Amo la rebeldía. Nací sin ser rebelde. Pero la circunstancia me hizo rebelde. Y no tengo la menor duda de que moriré rebelde. La llama encendida de mi rebeldía no se apagará ni siquiera cuando esté hecho cenizas. Llevaré al cielo mi grito de rebeldía por la injusticia, por la libertad y por la soberanía de mi pueblo. Cada milímetro de este territorio está impregnado de las luchas heroicas de nuestros héroes. Sin ellos aún estuviéramos bajo el yugo del imperio español. Pero gracias a Dios fueron rebeldes indomables. Yo vi esa estirpe en mi madre, quien se enfrentó con valentía a ese infierno en que le tocó vivir. No era letrada ni estudiada. El infierno le prohibió todo. Pero era puro corazón. Callada, pero el grito de guerra le corrían por su sangre. Callada, pero sin acatar las vicisitudes la vida que le toco. Callada, pero rebelde. De allí vengo yo. Bañado con esa rebeldía. Vengo de un infierno donde no parecía tener escapatoria. Rápido aprendí que el infierno de los vivos existía, y aún existe. Existe para los pobres que nunca han tenido dolientes. Existe para los invisibilizados de siempre. Pero aprendí, no sé de quién, tal vez de mi madre, que el infierno es derrotable aquí y ahora en la tierra si tenemos una conciencia bien sólida como la que tenía Hugo Chávez. Y como la que demostró el pueblo el 30 de julio. En especial los votantes de Palo Gordo, en el estado Táchira. Para ellos no hubo lluvia, ni montaña, ni río crecido, para ellos sólo hubo patria. Y eso es muy grande.
Confieso que después de vivir estos momentos históricos uno, como revolucionario, no puede exigirle más a la vida. Estamos cerca de verle el queso a la tostada, como dice el argot popular. Comprobamos que vamos en la dirección correcta. Los vientos nos son favorables, y el timón está en buenas manos. No existe la menor duda de que Hugo Chávez tenía razón cuando puso el ojo en Nicolás Maduro. Cuando nuestros ojos ven esas cosas… Esas que están pasando ahora mismo en Venezuela, donde la gente se hace poetas, cantores, bailadores y vendedores de alegría, preñada de esperanza.
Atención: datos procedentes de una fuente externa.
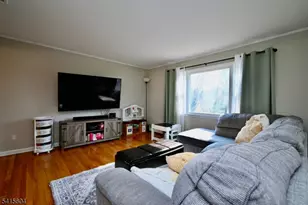 27 Caro Dr, West Milford, NJ 07438 - Photo 6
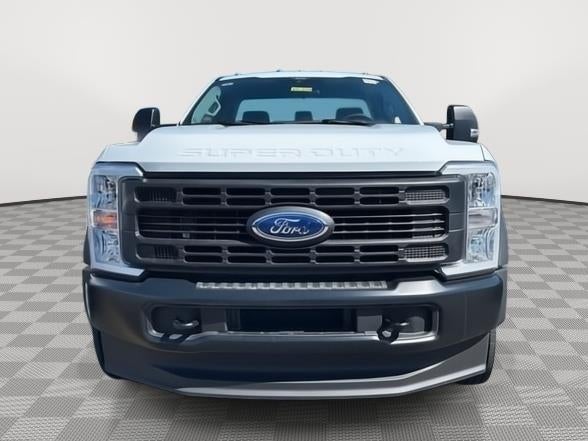 2024 Ford Super Duty F-550 DRW XL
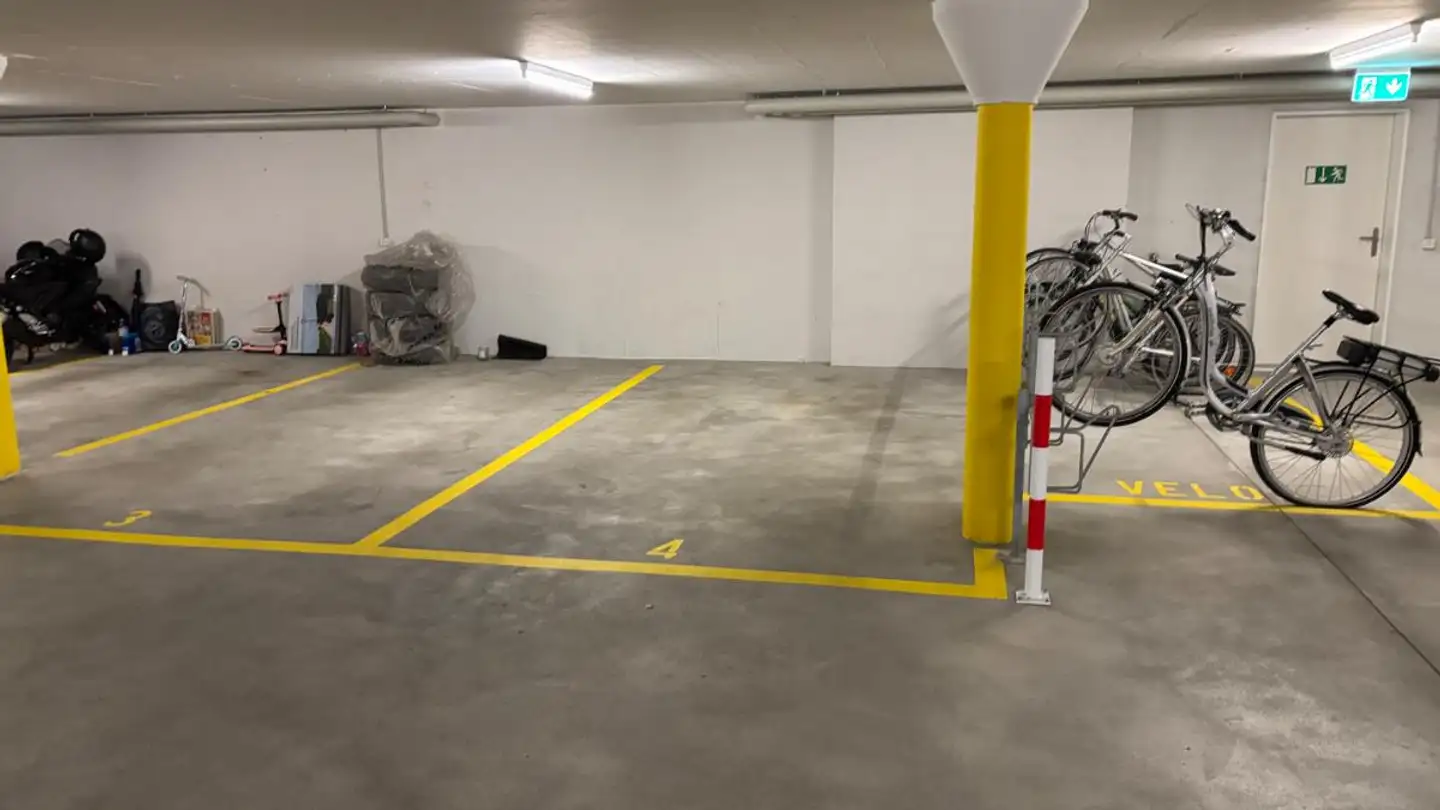 Parcheggio sotterraneo in affitto - Eichenweg 37, 8424 Embrach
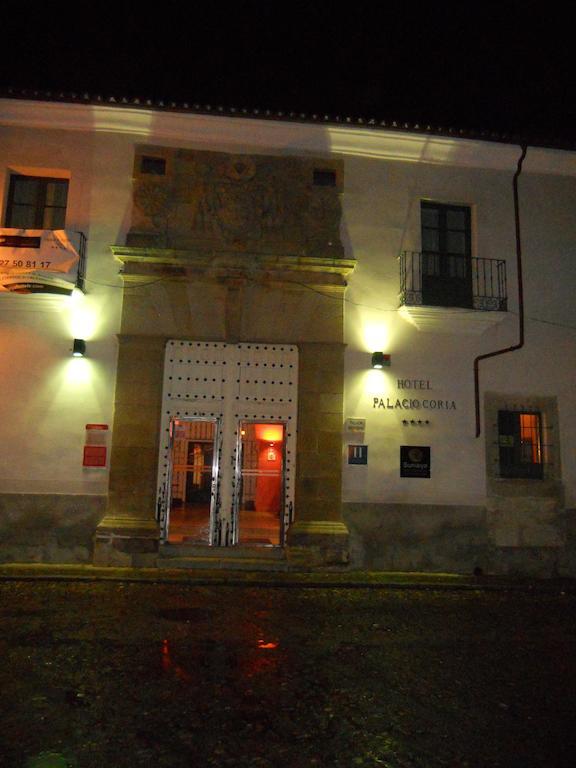 Sumaiya El Palacio Coria Esterno foto
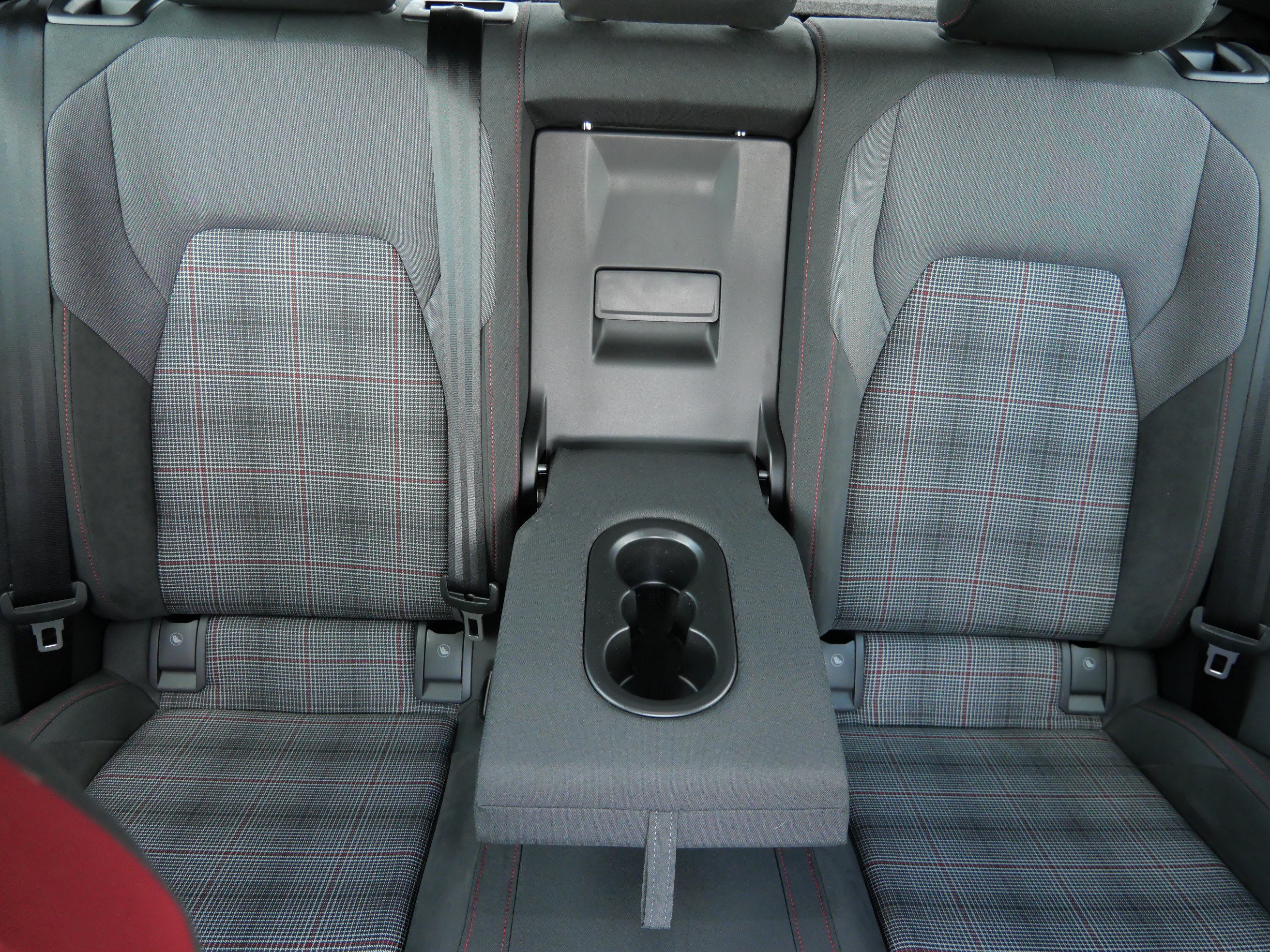 Used 2024 Volkswagen GTI SE FWD image 13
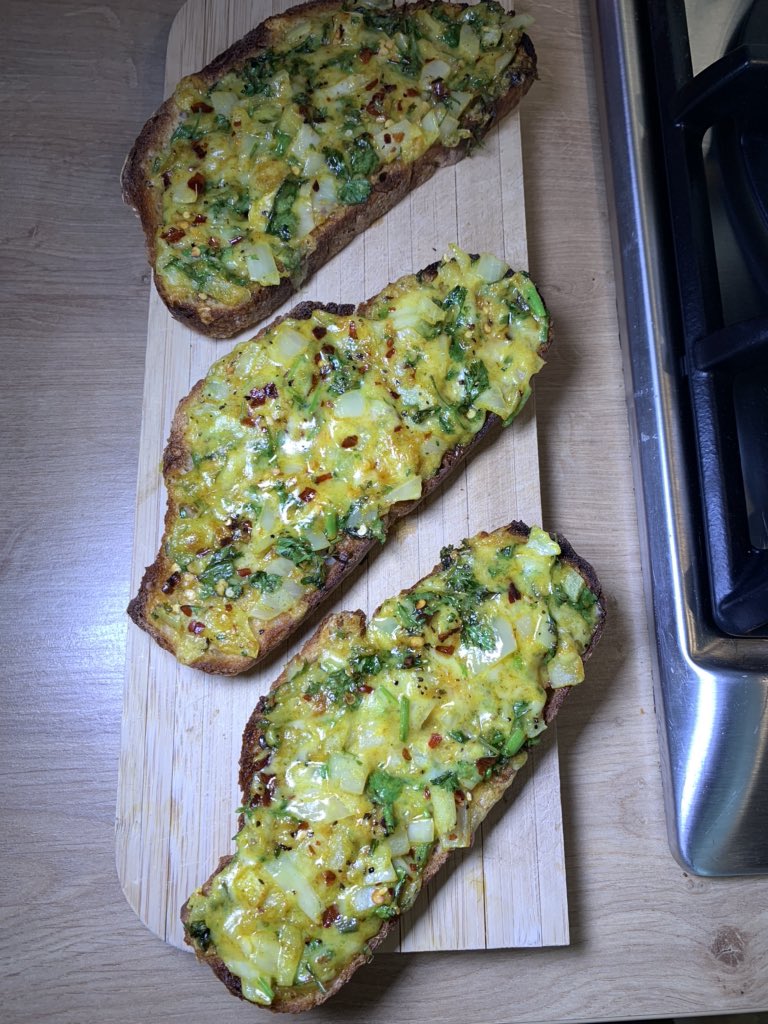 AchchaFood's tweet photo. More Indian cheese toasties ! #cheese https://t.co/zg4JqICNJZ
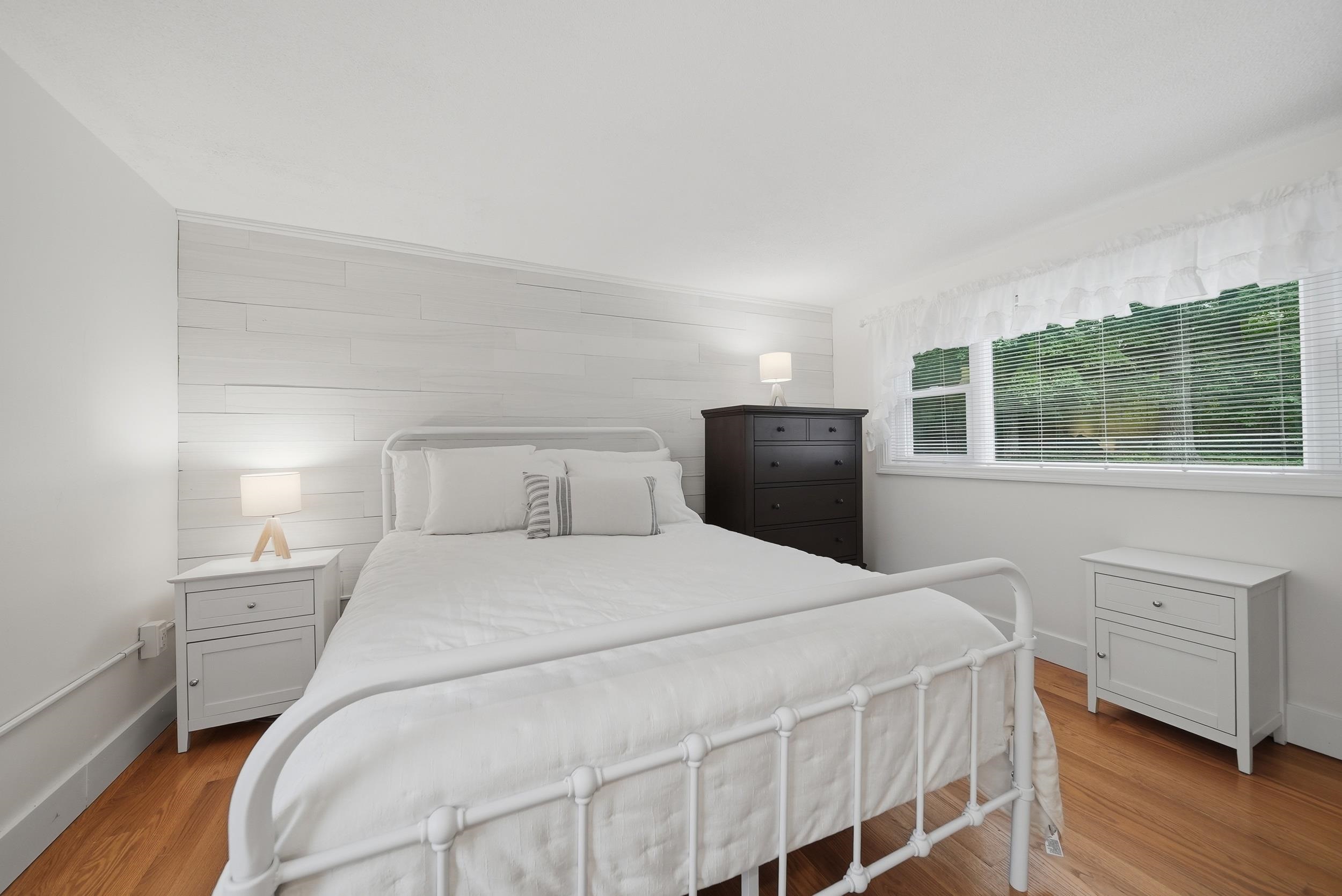288 Island Pond Road Derry, NH 03038 - Photo 20 of 46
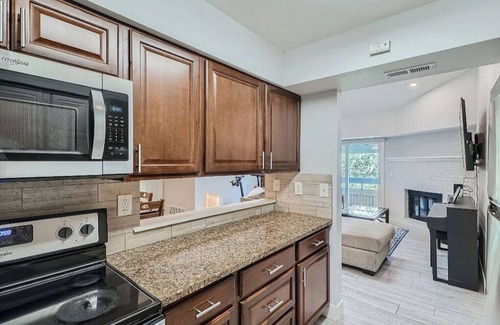 Aurora Condominio | Beautiful remodeled Condo in Aurora Colorado - Single Room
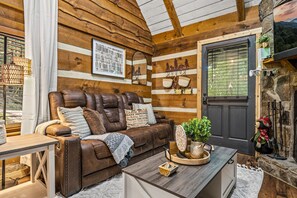 スマートテレビ、暖炉、テレビゲーム、ステレオ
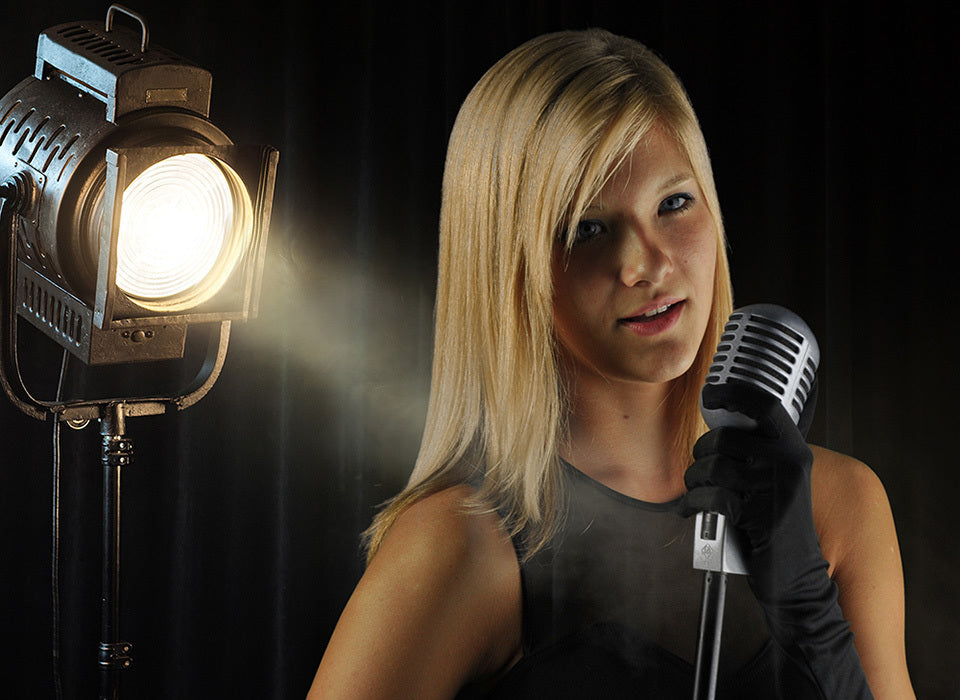 Westcott 9 x 20-Feet Wrinkle-Resistant Polyester Background (ChromaKey Green)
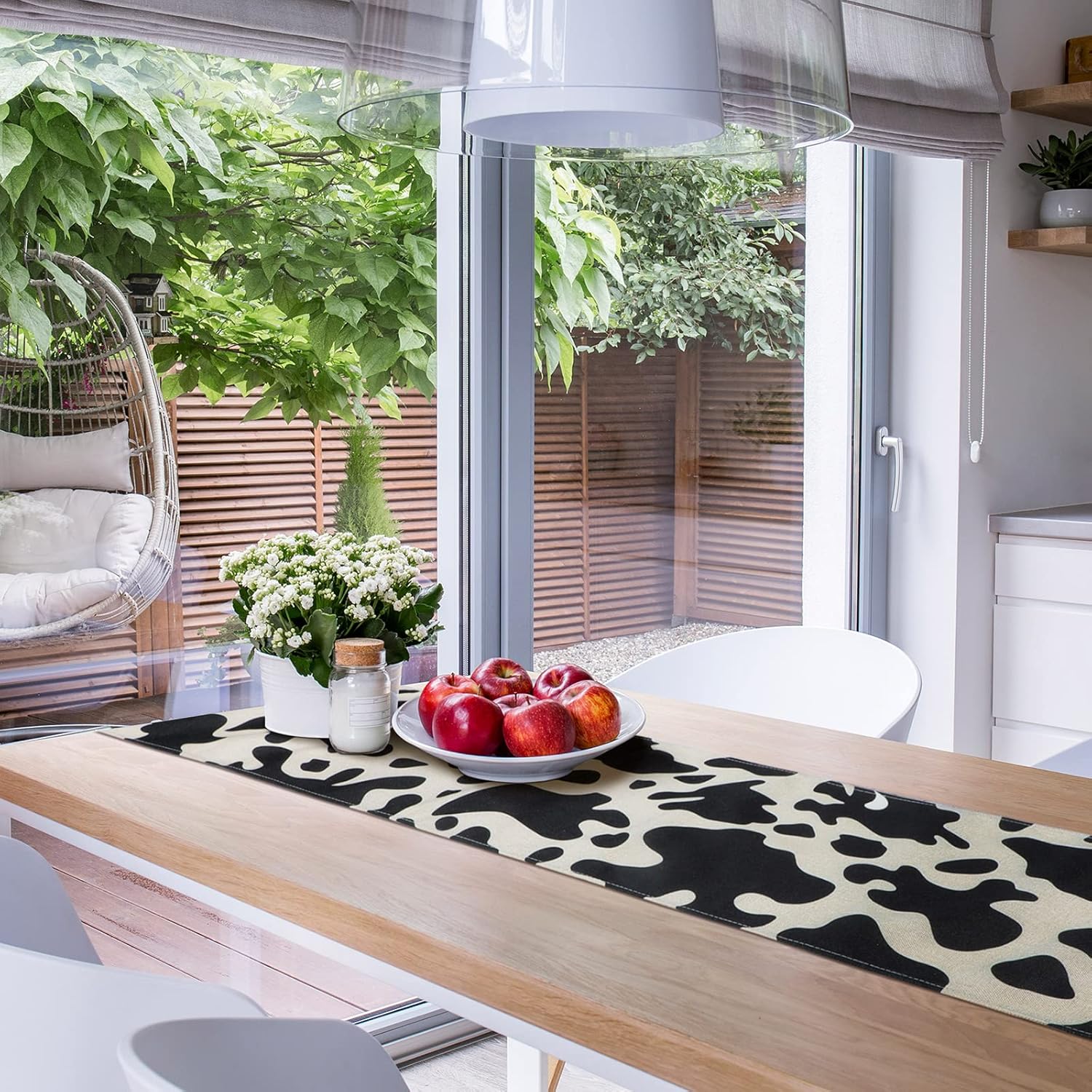Luxurious Farmhouse Tablecloth 2-Piece Cow Print for Kitchens Parties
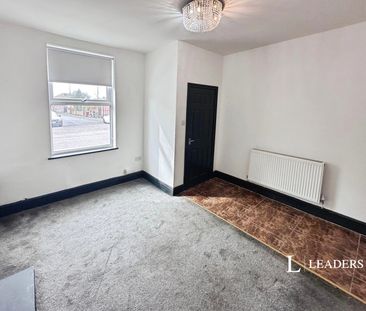 3 bedroom house to rent Abbey Hey Lane, Abbey Hey, Manchester, Grea... - Photo 5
Pero sobre todo cuando vemos y oímos a la gente alzar su voz al mundo preñada de rebeldía, de patriotismo y amor hacia sus semejantes, entonces, uno dice Chávez no aró en el mar. Ese es el camino correcto. No hay otro. Pues, al ver cómo actúa ese binomio cívico-militar, unido como una roca, producto de la idea integradora del Comandante eterno de la revolución bolivariana; al ver como se expresan los 545 constituyentitas. Al ver y oír a los campesinos, trabajadores, estudiantes, pescadores, discapacitados, mujeres y hombres de todas las edades, venidos de todos los rincones del país, integrantes de la Asamblea Nacional Constituyente, entonces digo, tal vez junto a otros, confieso que ahora sí puedo morir tranquilo. ¡Viva la vida! ¡Viva la esperanza! ¡Viva la revolución!